In 1773, Mr. Wilkes brought his case before the House, in the shape of a frivolous complaint against the Deputy-Clerk of the Crown, who had refused to give him a certificate, as one of the members for Middlesex. Sir G. Savile, also, renewed his motion for a bill to secure the rights of electors, and found one hundred and fifty supporters. Mr. Burke took this occasion to predict that, 'there would come a time when those now in office would be reduced to their penitentials, for having turned a deaf ear to the voice of the people.' In 1774, Sir G. Savile renewed his [25] motion for a bill to secure the rights of electors, with the usual result.
The Parliament, which had been in continual conflict with Wilkes for five years, was now dissolved, and Wilkes was again returned for Middlesex. According to the resolution of the Commons, his incapacity had been to the late Parliament; and he now took his seat without further molestation. Before the meeting of Parliament, Wilkes had also attained the civic honour,—being elected Lord Mayor of London.
He did not fail to take advantage of his new privilege; and on the 22nd February, 1775, he moved that the resolution which had declared his incapacity, be expunged from the journals, 'as subversive of the rights of the whole body of electors.' He said, 'the people had made his cause their own, for they saw the powers of the government exerted against the constitution, which was wounded through his sides.' He recapitulated the circumstances of his case; referred very cleverly to the various authorities and precedents;—and showed the dangerous consequences of allowing a resolution to remain upon the journals, which was a violation of the law. He was ably supported by Mr. Sergeant Glynn, Sir George Savile, and Mr. Wedderburn; and in the division secured one hundred and seventy-one votes.

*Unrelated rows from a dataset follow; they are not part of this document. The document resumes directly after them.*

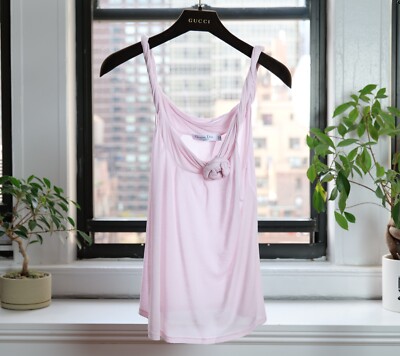 Christian Dior Light Pink Knot Top, Pre-Owned (Size IT44, US8)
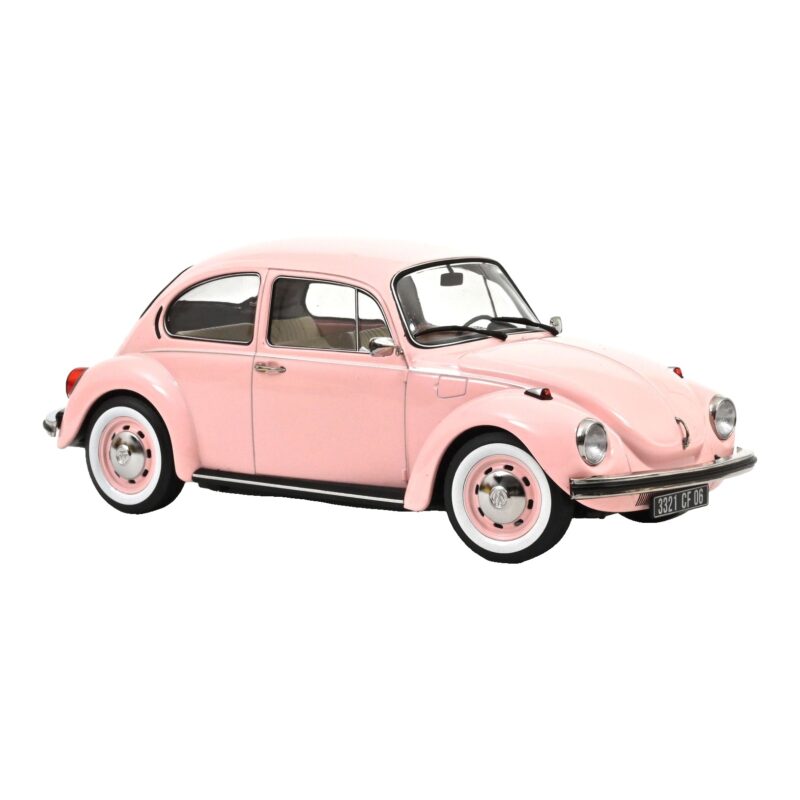 Volkswagen 1303 Pastel Pink New Baby Gift Norev 1:18 188677 Métal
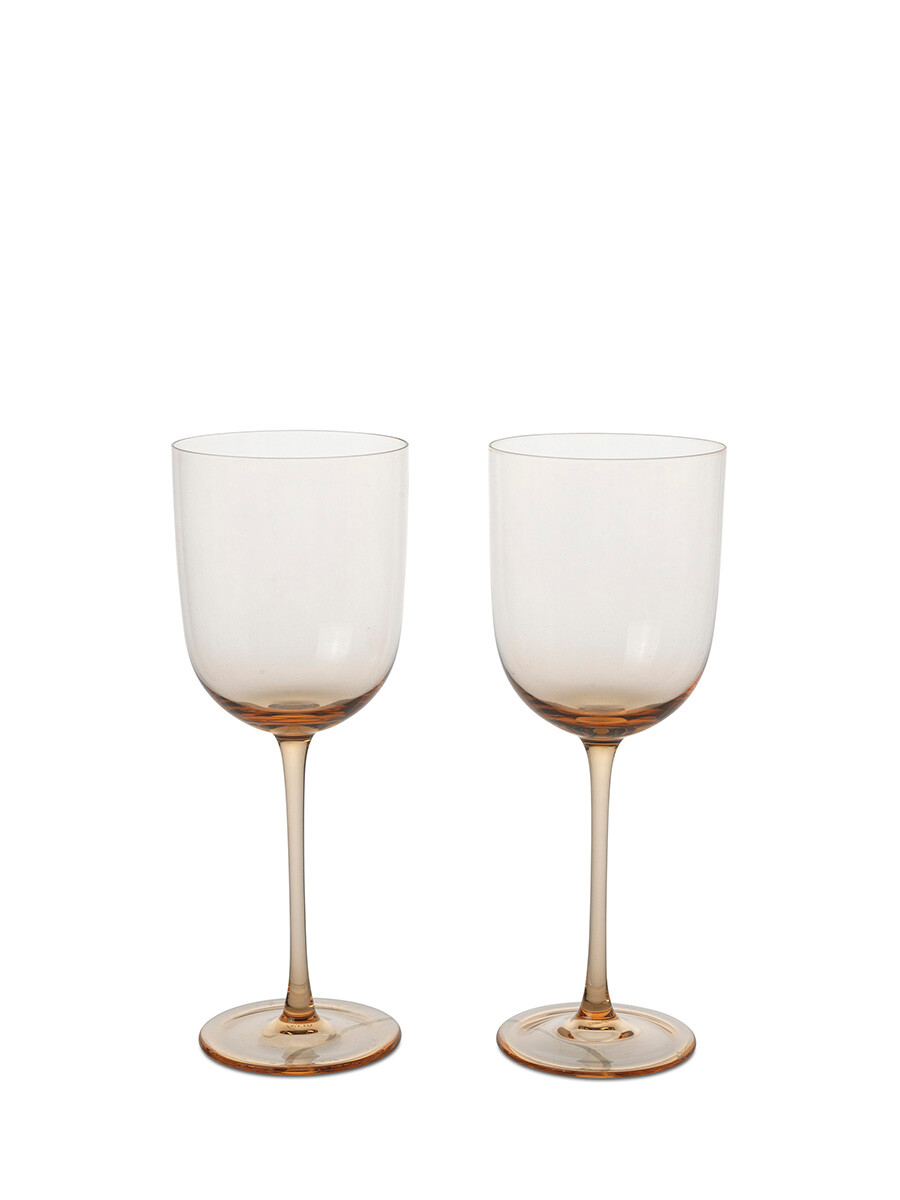 Host Red Wine Glasses, sæt á 2 stk. fra Ferm Living (Blush)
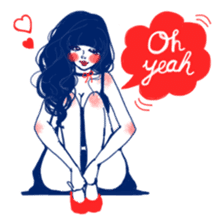GINZA-GIRL(HIGH-QUALITY sticker vol3) sticker #10473884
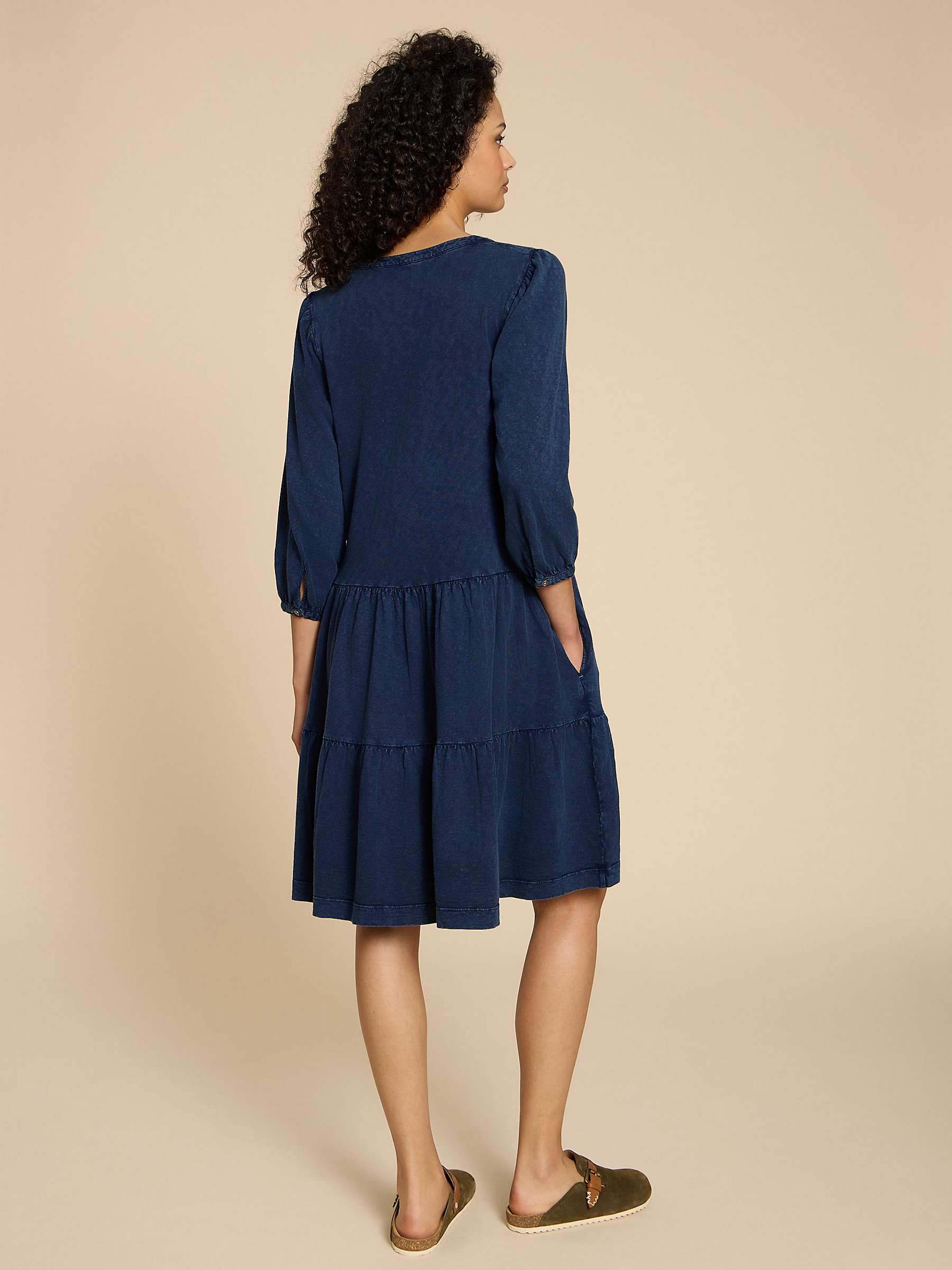 Buy White Stuff Clara Denim Jersey Dress, Dark Denim Online at johnlewis.com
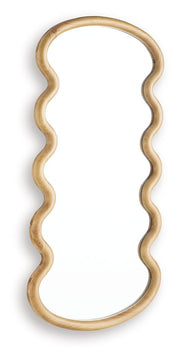 Serendis - Accent Mirror - Brown - R&R Furniture Gallery (Fountain Valley, CA)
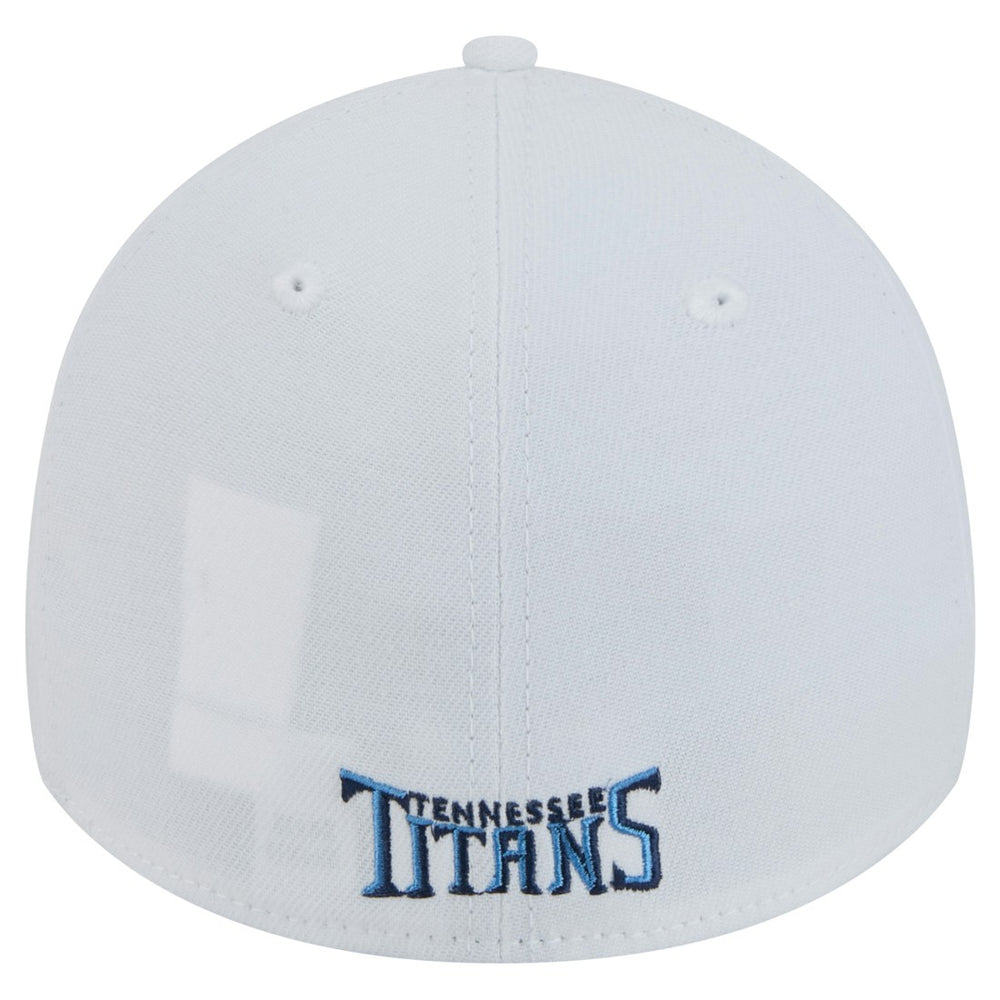 Tennessee Titans New Era Main 39THIRTY Flex Hat - White Hats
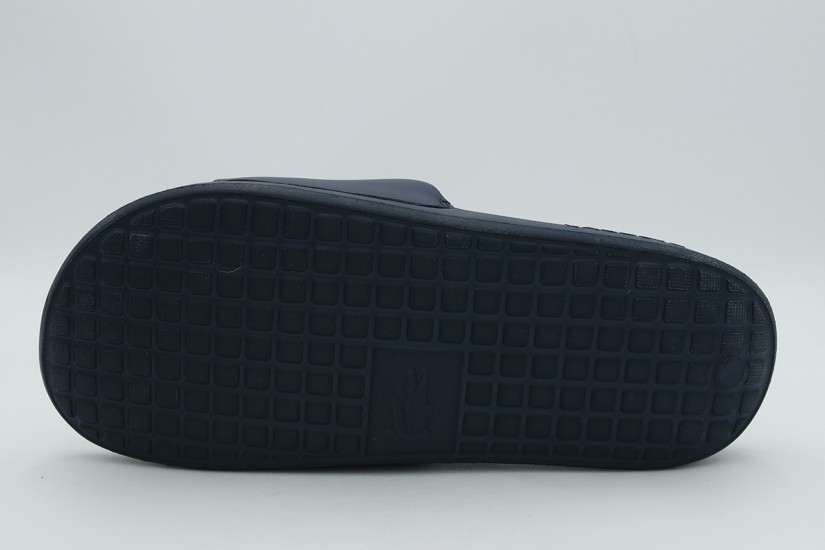 Lacoste Serve Slides 1.0 Ανδρικές Παντόφλες Μπλε Σκούρο, Λευκές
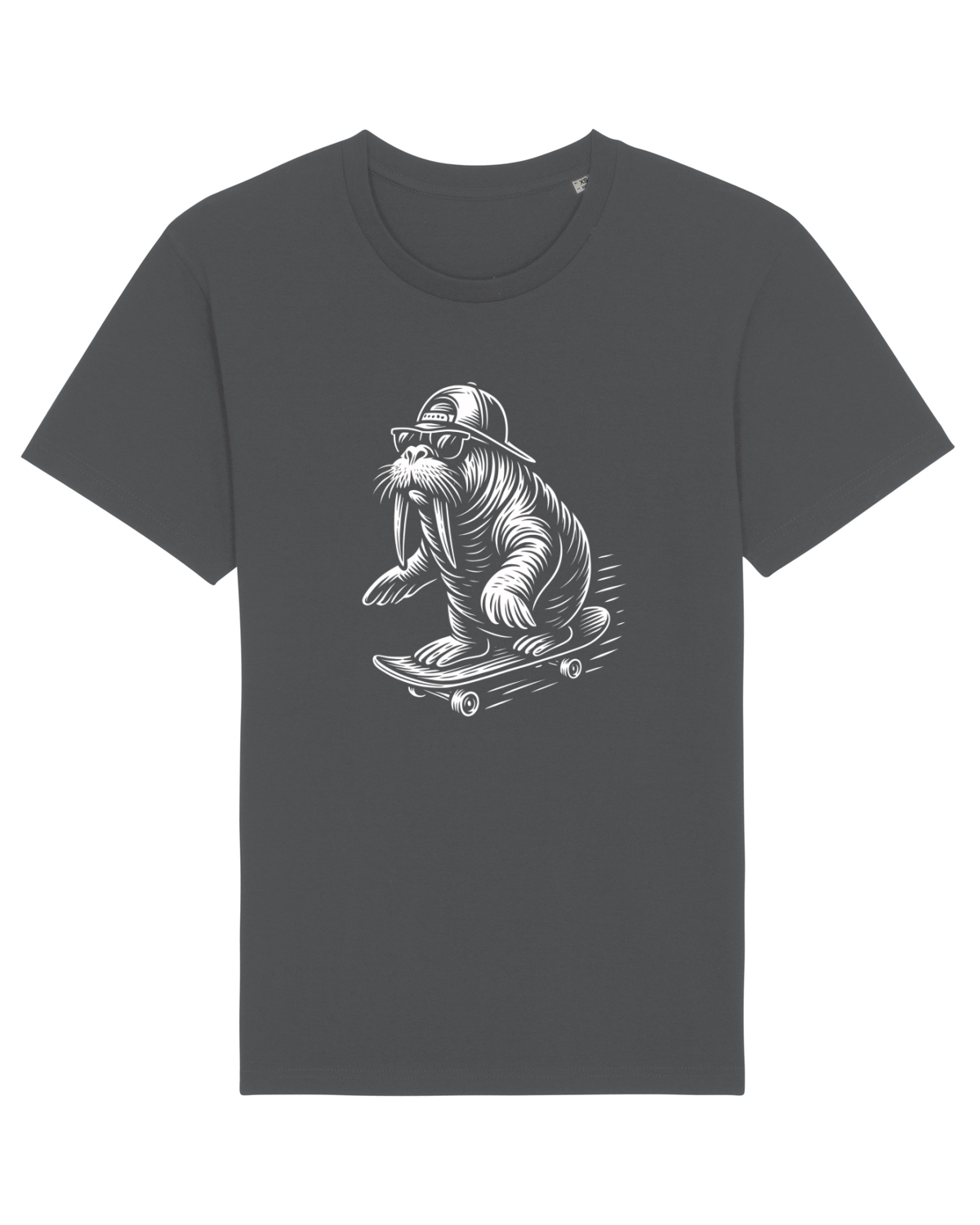Tricou mânecă scurtă Unisex Rocker Anthracite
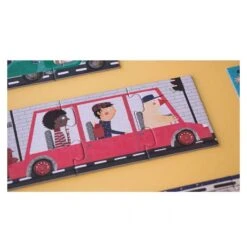 Puzzle 10 Voyageurs - 55 Pièces -Jeujouethique Boutique puzzle 10 voyageurs 55 pieces londji 12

He renewed, this motion in 1776, in 1777, in [26] 1779, and in 1781. At length, on the 3rd of May, 1782, he proposed it for the last time, and with signal success. The Rockingham ministry was in office, and had resolved to condemn the proceedings of the Commons, which its leading members had always disapproved. Mr. Fox was now the only statesman, of any eminence, by whom Wilkes' motion was opposed. He had always maintained that the Commons had not exceeded their powers; and he still consistently supported that opinion, in opposition to the premier and the leaders of his party. Wilkes' motion was now carried by a triumphant majority of sixty-eight; and by order of the House, all the declarations, orders, and resolutions, respecting the Middlesex election, were expunged from the journals, as being subversive of the rights of the whole body of electors in this kingdom.
Thus at length, this weary contest was brought to a close. A former House of Commons, too eager in its vengeance, had exceeded its powers; and now a succeeding Parliament reversed its judgment. This decision of 1782 stands out as a warning to both Houses, to act within the limits of their jurisdiction, and in strict conformity with the laws. An abuse of privilege is even more dangerous than an abuse of prerogative. In the one case, the wrong is done by an irresponsible body: in the other the ministers who advised it, are open to censure and punishment. The judgment of [27] offences especially, should be guided by the severest principles of law. Mr. Burke applied to the judicature of privilege, in such cases, Lord Bacon's description of the Star Chamber,—'a court of criminal equity:' saying, 'a large and liberal construction in offences, and a discretionary power in punishing them, is the idea of criminal equity, which is in truth a monster in jurisprudence.'(3) The vindictive exercise of privilege,—once as frequent as it was lawless,—was now discredited and condemned.